Floods and salt marshes.

All sorts of habitats have been affected by the floods this winter, and in many places it’s the human habitation in low lying areas that has been the most spectacularly damaged.
Then, when you see the thick red-brown colouration of the
flood waters raging down the Torridge and the Yeo,
you realise how many thousands of tons of good agricultural
soil are being washed away from the farm land upstream, and
this must have a bad effect on the productivity of the land in
the long term.   If anyone had the time to take aerial photographs of the estuary at the peak of the floods they would have shown the coloured river water fanning out into Bideford Bay on the falling tide, and all that suspended soil will have sunk down to the sea bed carrying nutrients, and fertilisers, with it to contribute to further algal blooms in the hot summer we confidently anticipate for next year.
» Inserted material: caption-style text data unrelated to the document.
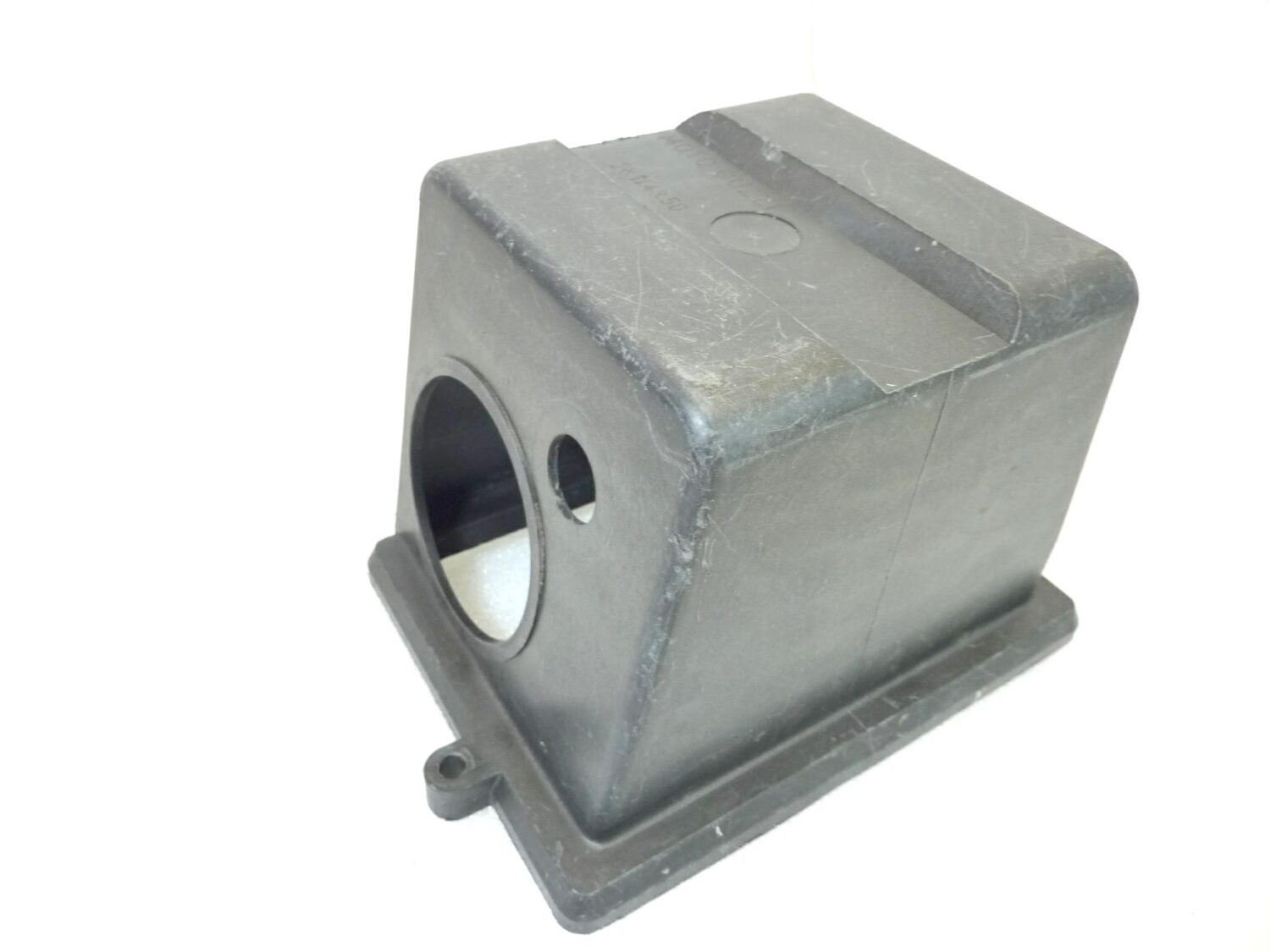 Parte posteriore filtro Guzzi Le Mans 3 4 California 2 3 1000 GT S SP 850 T5 cod 28114350 collettore aspirazione compatibile con Moto Guzzi 1000 Cali. 2 (948 ccm, 1982 - 1987)
Moto Guzzi 1000 Cali. 3 1.Serie (948 ccm, 1987 - 1987)
Moto Guzzi 1000 Cali. 3 2.Serie (948 ccm, 1988 - 1990)
Moto Guzzi 1000 Cali. 3 C (948 ccm, 1990 - 1990)
Moto Guzzi 1000 Cali. 3 Caren. Inj. (948 ccm, 1990 - 1992)
Moto Guzzi 1000 LM (1000 ccm, 1990 - 1994)
Moto Guzzi 1000 LM 4 (948 ccm, 1985 - 1987)
Moto Guzzi 1000 LM 5 (948 ccm, 1988 - 1992)
Moto Guzzi 1000 Mille GT 1.Serie (948 ccm, 1987 - 1990)
Moto Guzzi 1000 Mille GT 2.Serie (948 ccm, 1991 - 1994)
Moto Guzzi 1000 S 1.Serie (948 ccm, 1990 - 1992)
Moto Guzzi 1000 S 2.Serie (948 ccm, 1993 - 1993)
Moto Guzzi 1000 SP 2 (948 ccm, 1984 - 1987)
Moto Guzzi 1000 SP 3 (948 ccm, 1988 - 1996)
Moto Guzzi 1000 Strada (948 ccm, 1994 - 1995)
Moto Guzzi 850 LM 3 (844 ccm, 1981 - 1983)
Moto Guzzi 850 T 5 1. Serie (844 ccm, 1983 - 1984)
Moto Guzzi 850 T 5 Polizia (844 ccm, 1983 - 1989)
Moto Guzzi 850 T 5 Rundsch. (844 ccm, 1985 - 1988) - immagine 9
One habitat that might be expected to be little affected by floods is that of the salt marshes that line the estuary and the tidal reaches of the rivers further upstream.   After all, they are routinely flooded by the spring tides twice a month, and their special flora depends on this regular inundation with salt water.    But while they are quite happy to be flooded, the salt marshes in the upper tidal reaches have suffered from the excessive rains of recent summers, because no sooner than they get their regular soaking with salt water than down comes the rain and washes all the salt away again.    Thus the special salt marsh plants like the little pink-flowered sea spurrey and the tasty samphire, that are specially adapted to thrive in a saline environment, are being smothered by coarse meadow grasses that could not survive under normal salt marsh conditions.

So, while all the tourist attractions are hoping for a hot, sunny, and above all dry, summer in 2013, their hopes are shared by the wildlife that depends on the salt marshes.   A good soaking in salt water every spring tide, and then left to dry out for the intervening weeks, will result in the special salt marsh plants spreading and the invasive coarse grasses dying out, to the benefit of all the salt marsh community.
Nice that the people and the wildlife can share the same desires once in a while !

Chris Hassall [Photo shows Samphire, (Salcornia)]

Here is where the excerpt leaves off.